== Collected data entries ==
<<<<
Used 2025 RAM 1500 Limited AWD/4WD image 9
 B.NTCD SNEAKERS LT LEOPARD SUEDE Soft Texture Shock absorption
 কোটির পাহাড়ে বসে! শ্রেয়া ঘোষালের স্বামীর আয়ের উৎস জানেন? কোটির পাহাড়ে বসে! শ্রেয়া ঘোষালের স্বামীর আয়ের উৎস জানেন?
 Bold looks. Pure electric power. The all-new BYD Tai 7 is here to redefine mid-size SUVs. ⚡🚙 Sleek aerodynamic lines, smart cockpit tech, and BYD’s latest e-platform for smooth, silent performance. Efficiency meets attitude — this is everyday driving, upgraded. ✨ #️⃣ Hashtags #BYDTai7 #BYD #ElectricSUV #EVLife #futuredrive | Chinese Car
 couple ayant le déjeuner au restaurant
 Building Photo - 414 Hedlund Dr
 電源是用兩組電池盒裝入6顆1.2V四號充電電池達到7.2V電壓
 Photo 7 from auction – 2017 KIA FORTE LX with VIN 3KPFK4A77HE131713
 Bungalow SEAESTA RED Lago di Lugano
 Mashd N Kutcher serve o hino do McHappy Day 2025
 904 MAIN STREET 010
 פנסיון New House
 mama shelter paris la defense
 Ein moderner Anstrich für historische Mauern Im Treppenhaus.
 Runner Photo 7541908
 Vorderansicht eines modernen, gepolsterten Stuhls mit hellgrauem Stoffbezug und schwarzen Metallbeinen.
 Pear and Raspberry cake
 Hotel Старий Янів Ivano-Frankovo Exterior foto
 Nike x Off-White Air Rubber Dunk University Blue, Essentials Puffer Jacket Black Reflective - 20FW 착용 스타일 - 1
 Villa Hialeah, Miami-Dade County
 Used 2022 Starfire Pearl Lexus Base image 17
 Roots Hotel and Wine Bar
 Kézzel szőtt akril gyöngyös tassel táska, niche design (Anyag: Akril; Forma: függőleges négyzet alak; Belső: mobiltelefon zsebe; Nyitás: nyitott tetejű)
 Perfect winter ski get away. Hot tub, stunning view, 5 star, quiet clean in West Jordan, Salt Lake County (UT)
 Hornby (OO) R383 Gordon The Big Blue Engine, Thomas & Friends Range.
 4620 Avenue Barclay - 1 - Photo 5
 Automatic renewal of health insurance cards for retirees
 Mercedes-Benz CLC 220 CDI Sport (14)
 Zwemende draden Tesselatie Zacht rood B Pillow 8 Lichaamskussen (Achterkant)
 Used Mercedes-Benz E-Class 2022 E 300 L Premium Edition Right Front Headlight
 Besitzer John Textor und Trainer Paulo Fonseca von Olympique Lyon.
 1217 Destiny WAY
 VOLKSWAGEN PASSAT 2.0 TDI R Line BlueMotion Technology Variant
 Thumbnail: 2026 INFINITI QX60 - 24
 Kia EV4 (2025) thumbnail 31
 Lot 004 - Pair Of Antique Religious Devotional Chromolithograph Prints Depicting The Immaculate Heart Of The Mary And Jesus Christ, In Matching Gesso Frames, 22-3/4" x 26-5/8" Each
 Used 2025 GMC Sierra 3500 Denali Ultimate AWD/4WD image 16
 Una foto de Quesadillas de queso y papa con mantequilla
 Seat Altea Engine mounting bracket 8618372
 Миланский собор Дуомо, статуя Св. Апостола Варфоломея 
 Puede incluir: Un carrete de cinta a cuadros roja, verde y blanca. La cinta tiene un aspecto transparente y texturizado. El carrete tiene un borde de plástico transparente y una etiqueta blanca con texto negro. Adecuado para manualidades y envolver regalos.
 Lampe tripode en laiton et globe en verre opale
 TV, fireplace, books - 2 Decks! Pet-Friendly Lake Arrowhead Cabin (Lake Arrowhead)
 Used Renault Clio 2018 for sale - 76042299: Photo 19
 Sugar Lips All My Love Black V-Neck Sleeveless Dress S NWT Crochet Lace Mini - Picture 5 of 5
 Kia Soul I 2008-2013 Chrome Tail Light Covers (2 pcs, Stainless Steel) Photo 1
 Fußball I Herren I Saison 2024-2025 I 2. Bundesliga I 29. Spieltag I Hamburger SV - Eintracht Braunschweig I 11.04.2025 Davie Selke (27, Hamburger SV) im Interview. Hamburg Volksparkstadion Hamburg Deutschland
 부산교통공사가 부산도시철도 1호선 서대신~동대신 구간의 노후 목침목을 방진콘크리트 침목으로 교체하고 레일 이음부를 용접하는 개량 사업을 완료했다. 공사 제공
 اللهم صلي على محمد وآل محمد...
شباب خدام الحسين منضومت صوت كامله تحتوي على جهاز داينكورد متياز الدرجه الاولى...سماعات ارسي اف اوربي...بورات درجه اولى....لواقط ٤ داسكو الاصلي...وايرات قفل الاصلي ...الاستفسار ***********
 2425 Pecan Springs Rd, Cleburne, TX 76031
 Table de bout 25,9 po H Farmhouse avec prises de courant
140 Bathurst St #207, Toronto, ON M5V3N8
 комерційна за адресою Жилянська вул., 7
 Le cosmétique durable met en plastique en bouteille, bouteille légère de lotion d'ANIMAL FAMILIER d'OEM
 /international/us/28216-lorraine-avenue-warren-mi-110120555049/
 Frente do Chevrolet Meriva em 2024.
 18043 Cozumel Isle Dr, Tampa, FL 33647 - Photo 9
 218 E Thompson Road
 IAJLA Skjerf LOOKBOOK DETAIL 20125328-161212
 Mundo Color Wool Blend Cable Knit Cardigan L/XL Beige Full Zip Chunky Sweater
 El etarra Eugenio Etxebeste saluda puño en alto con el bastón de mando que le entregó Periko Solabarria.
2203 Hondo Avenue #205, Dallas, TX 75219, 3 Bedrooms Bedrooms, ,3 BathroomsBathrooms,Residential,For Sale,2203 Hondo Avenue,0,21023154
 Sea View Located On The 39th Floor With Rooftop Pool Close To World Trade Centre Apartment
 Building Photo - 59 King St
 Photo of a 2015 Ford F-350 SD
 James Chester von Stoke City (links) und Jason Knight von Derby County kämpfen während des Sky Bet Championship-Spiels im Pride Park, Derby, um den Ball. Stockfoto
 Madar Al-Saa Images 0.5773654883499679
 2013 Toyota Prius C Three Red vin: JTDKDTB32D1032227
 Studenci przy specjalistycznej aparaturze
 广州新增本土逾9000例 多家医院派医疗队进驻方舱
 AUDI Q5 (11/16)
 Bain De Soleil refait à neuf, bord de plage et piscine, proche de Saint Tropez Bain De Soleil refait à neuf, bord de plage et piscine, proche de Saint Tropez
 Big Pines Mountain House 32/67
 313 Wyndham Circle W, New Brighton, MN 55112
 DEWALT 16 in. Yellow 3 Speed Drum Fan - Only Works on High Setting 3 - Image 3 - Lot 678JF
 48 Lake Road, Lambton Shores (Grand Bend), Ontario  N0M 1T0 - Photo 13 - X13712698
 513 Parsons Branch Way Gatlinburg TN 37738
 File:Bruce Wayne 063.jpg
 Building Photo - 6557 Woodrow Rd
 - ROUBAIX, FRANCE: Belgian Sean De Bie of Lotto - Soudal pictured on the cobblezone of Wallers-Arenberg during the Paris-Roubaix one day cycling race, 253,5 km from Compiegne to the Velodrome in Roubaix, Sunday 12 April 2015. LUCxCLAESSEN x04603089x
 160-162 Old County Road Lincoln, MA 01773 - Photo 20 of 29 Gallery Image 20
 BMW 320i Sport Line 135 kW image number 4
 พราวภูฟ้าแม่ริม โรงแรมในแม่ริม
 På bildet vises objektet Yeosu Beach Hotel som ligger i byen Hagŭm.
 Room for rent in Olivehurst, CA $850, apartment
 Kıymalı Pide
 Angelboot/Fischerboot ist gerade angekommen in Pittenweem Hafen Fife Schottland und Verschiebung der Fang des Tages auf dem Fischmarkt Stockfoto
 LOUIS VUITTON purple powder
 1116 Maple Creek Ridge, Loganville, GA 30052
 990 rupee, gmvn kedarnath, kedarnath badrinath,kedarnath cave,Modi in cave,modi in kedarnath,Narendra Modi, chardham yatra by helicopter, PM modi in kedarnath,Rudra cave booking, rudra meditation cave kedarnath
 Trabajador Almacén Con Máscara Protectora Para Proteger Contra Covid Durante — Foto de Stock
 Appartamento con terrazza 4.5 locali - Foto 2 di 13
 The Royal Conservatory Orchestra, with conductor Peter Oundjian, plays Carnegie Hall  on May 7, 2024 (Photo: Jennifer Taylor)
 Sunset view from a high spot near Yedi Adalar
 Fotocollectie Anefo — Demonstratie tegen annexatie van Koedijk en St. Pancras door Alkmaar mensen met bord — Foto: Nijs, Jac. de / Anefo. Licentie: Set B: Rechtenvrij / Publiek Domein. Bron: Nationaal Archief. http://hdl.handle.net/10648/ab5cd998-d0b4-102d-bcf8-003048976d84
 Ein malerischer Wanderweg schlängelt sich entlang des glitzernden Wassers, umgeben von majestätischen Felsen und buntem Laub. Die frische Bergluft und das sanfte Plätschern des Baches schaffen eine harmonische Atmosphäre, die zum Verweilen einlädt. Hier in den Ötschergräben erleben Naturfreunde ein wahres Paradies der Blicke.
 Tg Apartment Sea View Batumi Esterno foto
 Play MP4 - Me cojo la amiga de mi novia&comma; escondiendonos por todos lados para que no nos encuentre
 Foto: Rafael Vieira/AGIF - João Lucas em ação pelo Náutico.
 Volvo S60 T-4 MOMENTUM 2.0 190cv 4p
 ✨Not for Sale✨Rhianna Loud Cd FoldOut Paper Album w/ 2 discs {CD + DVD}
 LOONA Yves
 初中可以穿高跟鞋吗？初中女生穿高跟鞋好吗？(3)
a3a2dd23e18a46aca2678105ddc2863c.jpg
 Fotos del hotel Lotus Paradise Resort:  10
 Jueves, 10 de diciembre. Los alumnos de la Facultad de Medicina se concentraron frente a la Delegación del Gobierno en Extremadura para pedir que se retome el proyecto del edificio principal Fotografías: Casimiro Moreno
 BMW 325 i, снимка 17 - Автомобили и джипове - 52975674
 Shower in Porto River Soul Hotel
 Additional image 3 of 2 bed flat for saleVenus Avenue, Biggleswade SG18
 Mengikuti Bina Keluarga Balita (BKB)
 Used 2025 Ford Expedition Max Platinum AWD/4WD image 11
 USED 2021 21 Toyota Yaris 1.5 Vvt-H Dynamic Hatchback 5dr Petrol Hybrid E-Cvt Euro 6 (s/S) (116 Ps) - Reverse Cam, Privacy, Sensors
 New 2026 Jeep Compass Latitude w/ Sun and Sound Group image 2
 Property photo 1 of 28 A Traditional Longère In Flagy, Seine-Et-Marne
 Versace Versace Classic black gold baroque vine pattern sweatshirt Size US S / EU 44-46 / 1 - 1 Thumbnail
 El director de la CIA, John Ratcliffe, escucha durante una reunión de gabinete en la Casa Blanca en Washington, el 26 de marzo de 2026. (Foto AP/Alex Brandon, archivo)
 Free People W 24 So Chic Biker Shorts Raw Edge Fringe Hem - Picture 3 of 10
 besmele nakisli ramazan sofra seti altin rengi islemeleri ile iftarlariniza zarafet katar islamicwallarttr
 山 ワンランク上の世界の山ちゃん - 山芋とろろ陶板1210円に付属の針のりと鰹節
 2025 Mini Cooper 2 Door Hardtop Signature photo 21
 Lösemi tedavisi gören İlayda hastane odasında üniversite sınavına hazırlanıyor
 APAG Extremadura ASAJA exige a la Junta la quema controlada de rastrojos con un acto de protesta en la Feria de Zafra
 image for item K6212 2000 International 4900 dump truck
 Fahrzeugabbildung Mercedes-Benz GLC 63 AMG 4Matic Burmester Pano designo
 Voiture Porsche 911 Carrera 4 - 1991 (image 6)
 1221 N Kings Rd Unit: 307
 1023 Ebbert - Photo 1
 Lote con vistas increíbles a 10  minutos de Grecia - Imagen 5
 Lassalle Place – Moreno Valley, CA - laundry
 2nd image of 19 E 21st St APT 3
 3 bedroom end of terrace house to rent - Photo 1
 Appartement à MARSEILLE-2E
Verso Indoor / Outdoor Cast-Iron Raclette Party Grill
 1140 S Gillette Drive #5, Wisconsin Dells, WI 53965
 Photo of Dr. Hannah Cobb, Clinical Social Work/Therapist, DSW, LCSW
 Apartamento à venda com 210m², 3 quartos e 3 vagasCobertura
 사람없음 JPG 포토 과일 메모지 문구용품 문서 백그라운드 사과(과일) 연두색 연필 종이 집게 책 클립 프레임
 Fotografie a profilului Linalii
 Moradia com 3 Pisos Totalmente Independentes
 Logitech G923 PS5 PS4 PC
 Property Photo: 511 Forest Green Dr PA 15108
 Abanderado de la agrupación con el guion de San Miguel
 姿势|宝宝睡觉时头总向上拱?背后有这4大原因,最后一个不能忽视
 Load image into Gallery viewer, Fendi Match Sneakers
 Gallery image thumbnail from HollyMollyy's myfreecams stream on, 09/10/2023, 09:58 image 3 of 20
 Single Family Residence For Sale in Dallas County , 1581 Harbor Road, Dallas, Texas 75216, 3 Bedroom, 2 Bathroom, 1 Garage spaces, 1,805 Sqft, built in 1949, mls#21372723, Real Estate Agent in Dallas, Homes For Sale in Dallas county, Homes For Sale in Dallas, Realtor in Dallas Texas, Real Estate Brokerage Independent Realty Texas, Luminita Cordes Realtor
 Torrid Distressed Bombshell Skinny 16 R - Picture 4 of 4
>>>>
== PROMPT ==
Copy word for word the stretch of entries above from the line that has "Fahrzeugabbildung Mercedes-Benz GLC" through the line that has "Gallery image thumbnail", both ends included, and nothing outside it.

== SOLUTION ==
 Fahrzeugabbildung Mercedes-Benz GLC 63 AMG 4Matic Burmester Pano designo
 Voiture Porsche 911 Carrera 4 - 1991 (image 6)
 1221 N Kings Rd Unit: 307
 1023 Ebbert - Photo 1
 Lote con vistas increíbles a 10  minutos de Grecia - Imagen 5
 Lassalle Place – Moreno Valley, CA - laundry
 2nd image of 19 E 21st St APT 3
 3 bedroom end of terrace house to rent - Photo 1
 Appartement à MARSEILLE-2E
Verso Indoor / Outdoor Cast-Iron Raclette Party Grill
 1140 S Gillette Drive #5, Wisconsin Dells, WI 53965
 Photo of Dr. Hannah Cobb, Clinical Social Work/Therapist, DSW, LCSW
 Apartamento à venda com 210m², 3 quartos e 3 vagasCobertura
 사람없음 JPG 포토 과일 메모지 문구용품 문서 백그라운드 사과(과일) 연두색 연필 종이 집게 책 클립 프레임
 Fotografie a profilului Linalii
 Moradia com 3 Pisos Totalmente Independentes
 Logitech G923 PS5 PS4 PC
 Property Photo: 511 Forest Green Dr PA 15108
 Abanderado de la agrupación con el guion de San Miguel
 姿势|宝宝睡觉时头总向上拱?背后有这4大原因,最后一个不能忽视
 Load image into Gallery viewer, Fendi Match Sneakers
 Gallery image thumbnail from HollyMollyy's myfreecams stream on, 09/10/2023, 09:58 image 3 of 20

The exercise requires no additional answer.